Jimmy Butler is thrilled to be starting over in Minnesota, and ready to put Chicago in the rear-view mirror.
Jimmy Butler opens up about his transition from rookie to NBA star. He's got something to say, and he's gonna say it https://t.co/uyMtYST9Mb pic.twitter.com/T6eQYJWpw2
— VICE Sports (@VICESports) September 5, 2017
The 27-year-old NBA All-Star concedes that he can be a tough person to work with, especially when things aren’t going well, as was the case with the Bulls prior to getting traded this summer.

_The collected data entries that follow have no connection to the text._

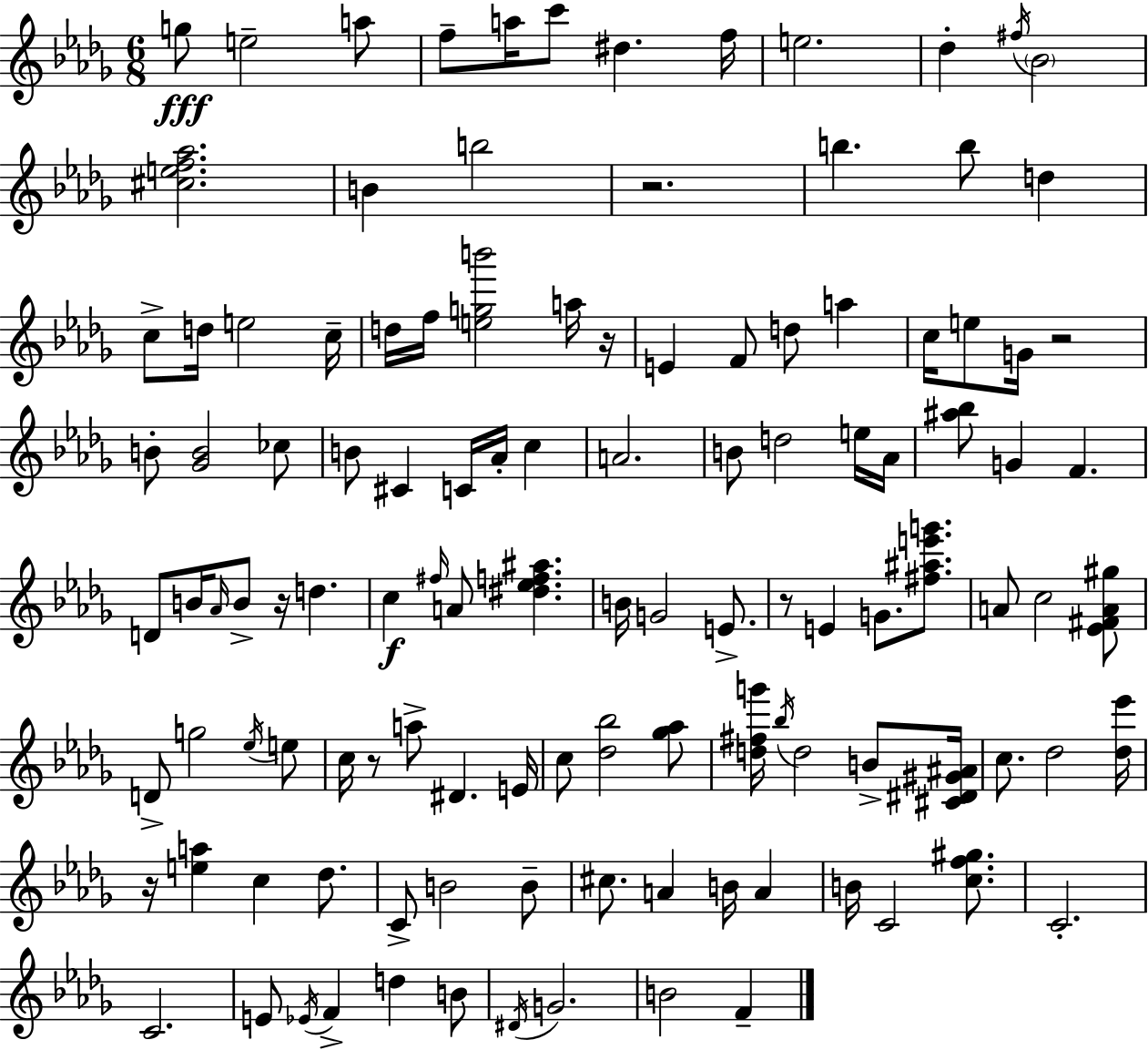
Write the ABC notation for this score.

X:1
T:Untitled
M:6/8
L:1/4
K:Bbm
g/2 e2 a/2 f/2 a/4 c'/2 ^d f/4 e2 _d ^f/4 _B2 [^cef_a]2 B b2 z2 b b/2 d c/2 d/4 e2 c/4 d/4 f/4 [egb']2 a/4 z/4 E F/2 d/2 a c/4 e/2 G/4 z2 B/2 [_GB]2 _c/2 B/2 ^C C/4 _A/4 c A2 B/2 d2 e/4 _A/4 [^a_b]/2 G F D/2 B/4 _A/4 B/2 z/4 d c ^f/4 A/2 [^d_ef^a] B/4 G2 E/2 z/2 E G/2 [^f^ae'g']/2 A/2 c2 [_E^FA^g]/2 D/2 g2 _e/4 e/2 c/4 z/2 a/2 ^D E/4 c/2 [_d_b]2 [_g_a]/2 [d^fg']/4 _b/4 d2 B/2 [^C^D^G^A]/4 c/2 _d2 [_d_e']/4 z/4 [ea] c _d/2 C/2 B2 B/2 ^c/2 A B/4 A B/4 C2 [cf^g]/2 C2 C2 E/2 _E/4 F d B/2 ^D/4 G2 B2 F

Butler says he simply expects to everyone else to work as hard as he does.
Per VICE:
“I think it’s wrong for me to think that people want what I want because in reality they don’t. Some people are OK with getting drafted. Some people are OK with playing two years in the league, four years in the league, six years in the league. Some people are OK with just scoring a basket in an NBA game. I’m not OK with any of that. I’m not satisfied until I win a championship,” he says. “I want everybody to work the way that I work and it’s wrong for me to think like that because people don’t do it! But in my mind I’m just like why? Why don’t you want to chase greatness the way that I do?”
I ask Butler if he’s a difficult person to be around.

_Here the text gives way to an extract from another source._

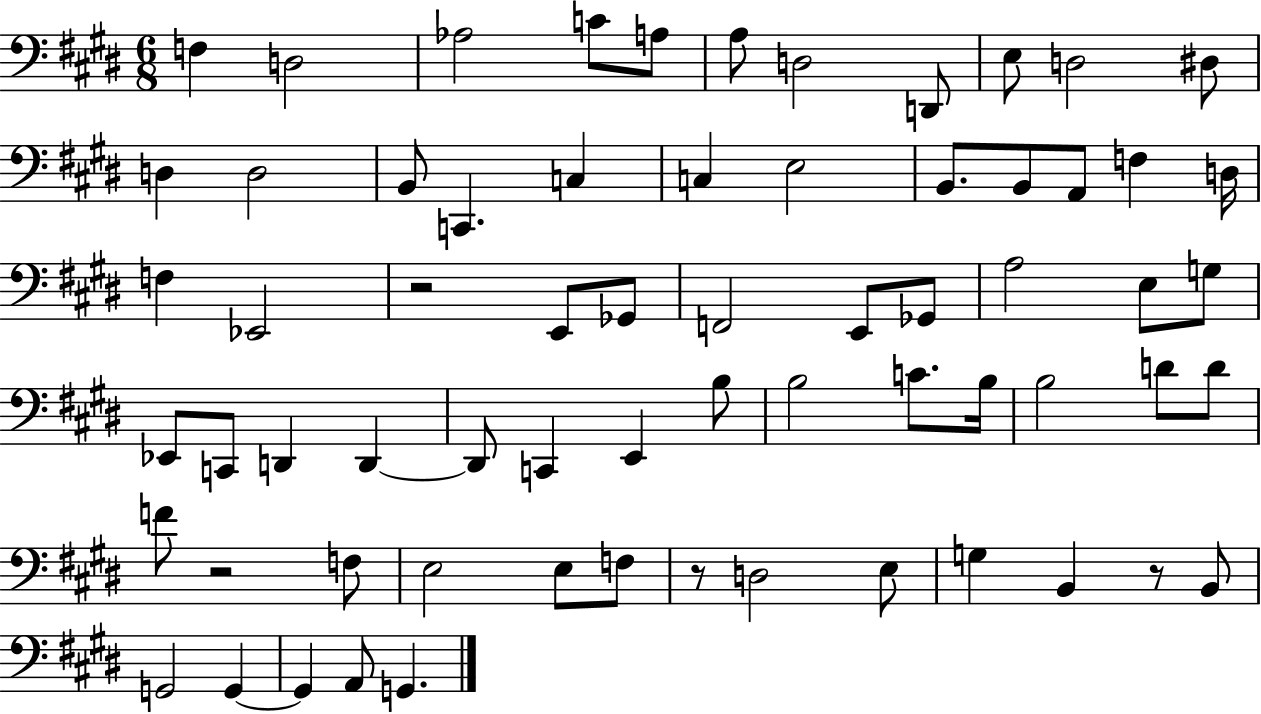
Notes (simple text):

“Yes,” he says. “But then again it’s bad on my part because I know better,” Butler [adds]. “It’s kind of contradicting itself. It’s like, ‘Well Jimmy you know better, don’t do that.’ But then the other half is just like, ‘Well, if you can do it everybody can do it.’ But then it goes back again. ‘You know that it don’t work like that, right? Yeah, I know, but I think that it can so everybody needs to work like this.'”

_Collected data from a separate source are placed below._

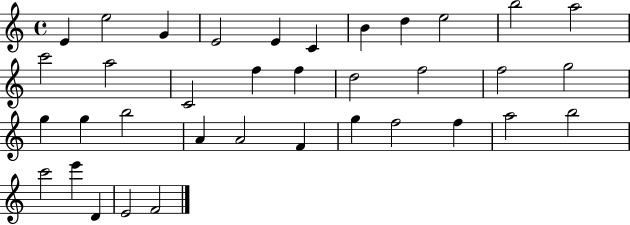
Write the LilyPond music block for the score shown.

{
  \clef treble
  \time 4/4
  \defaultTimeSignature
  \key c \major
  e'4 e''2 g'4 | e'2 e'4 c'4 | b'4 d''4 e''2 | b''2 a''2 | \break c'''2 a''2 | c'2 f''4 f''4 | d''2 f''2 | f''2 g''2 | \break g''4 g''4 b''2 | a'4 a'2 f'4 | g''4 f''2 f''4 | a''2 b''2 | \break c'''2 e'''4 d'4 | e'2 f'2 | \bar "|."
}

This is what he has to say. Or at least some of it:
“I’m confrontational. I feed off of confrontation. It makes me go. Not everybody’s like that. [Bulls head coach Fred Hoiberg] is not that coach, and there’s nothing wrong with that. There are different coaching styles and people are gonna say—which is what they did say—’It’s gonna be Jimmy’s team or it’s gonna be Fred’s team.’ Two total opposite ends of the spectrum. They’re either gonna try to win it now or they’re gonna go young. And you see which way they went with it. Completely fine. Yo, it’s y’all’s business. It’s y’all’s organization. It’s cool. And now I’m in Minnesota and couldn’t be happier.”